Agriculture, food and engineering conglomerate Carr’s Milling Industries yesterday said its diversity as a business was helping it to progress in “challenging times”.
However, shares in the Carlisle-headquartered firm, which operates a £17 million mill in Kirkcaldy, edged lower as Carr’s failed to excite investors with an unchanged full-year forecast.
In an interim update to the markets covering the 19 weeks to January 10, the company said each of its three main divisions was operating in line with expectations.
The firm said its food division, which includes its newly invested Fife operation, was trading ahead of the previous year.
“The Kirkcaldy mill is continuing to deliver the operational and commercial benefits that were demonstrated in the results for the year ended August 30, 2014,” Carr’s said.
“Flour sales volumes are higher than last year but, as a result of lower wheat prices, revenue is lower.
“The quality of flour, food safety and service levels are benefiting the business.
“Against a backdrop of ongoing volatility in wheat markets, Carr’s continues to benefit from long-term established relationships with our customers, and remains positive about the performance of the division for the remainder of the financial year.”
The firm said its agricultural operation in the UK had been impacted by a combination of the mild autumn, slow start to winter and declining farm incomes due to the falling milk price.
Animal feed sales were on a par with the previous year but the retail business performed well, with sales up on 2013.
Carr’s said its engineering division was trading as anticipated, with MSM enjoying a strong start to the year and Bendalls working to near capacity on a major pressure vessel supply contract for BP’s Shah Deniz gas pipeline in Azerbaijan.
Shareholders were brought up to speed with developments at the company’s annual meeting yesterday.
All resolutions proposed at the AGM went through, and authorisation was granted for a share division scheme which will see ordinary shares of 25p subdivided into 10 new shares of 2.5p each.
The group said its financial position remained strong, although net debt had climbed to £30.4m by November 29 from £24.6m at August 30.
Carr’s said that cash outflow since the year end was due to the seasonal working capital increases in the agriculture businesses.
“We are encouraged by Carr’s performance to date in the current financial year,” chief executive Tim Davies said.

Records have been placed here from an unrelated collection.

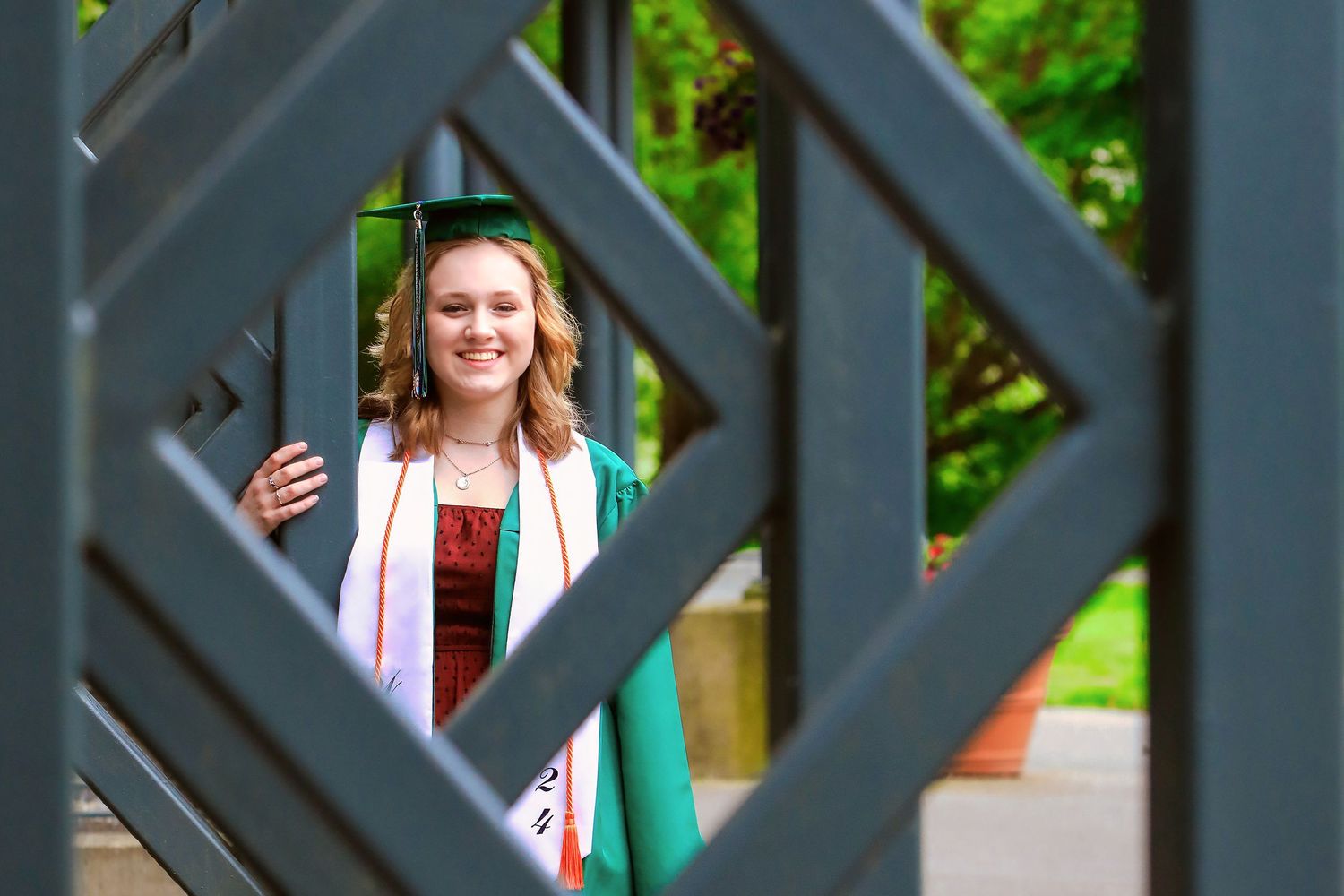 Graduate in green dress and white graduation stole poses behind decorative geometric architectural frame outdoors.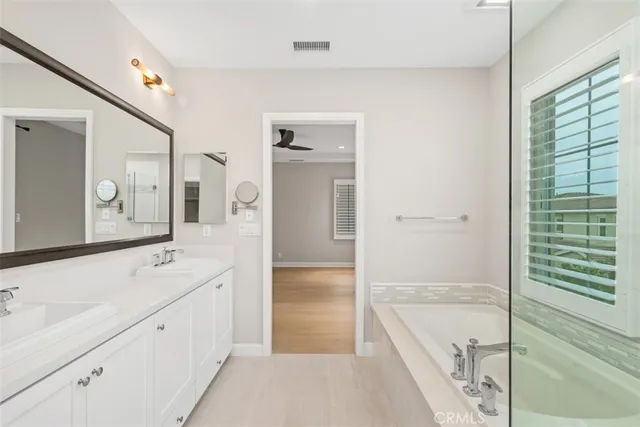 a spacious bathroom with a tub sink and mirror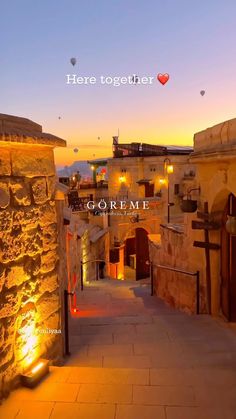 an alley way leading to some buildings with lanterns in the sky above it at sunset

“Whilst the sectors in which Carr’s operates are experiencing challenging times due to a variety of external factors, the group’s geographical spread, investment in assets, and ongoing commitment to innovation continue to support the group’s development.
“We remain confident in the long-term success of the group, and the board’s expectations for the full year remain unchanged.”
Shares in Carr’s closed down 27p or 1.69% at 1,570p yesterday.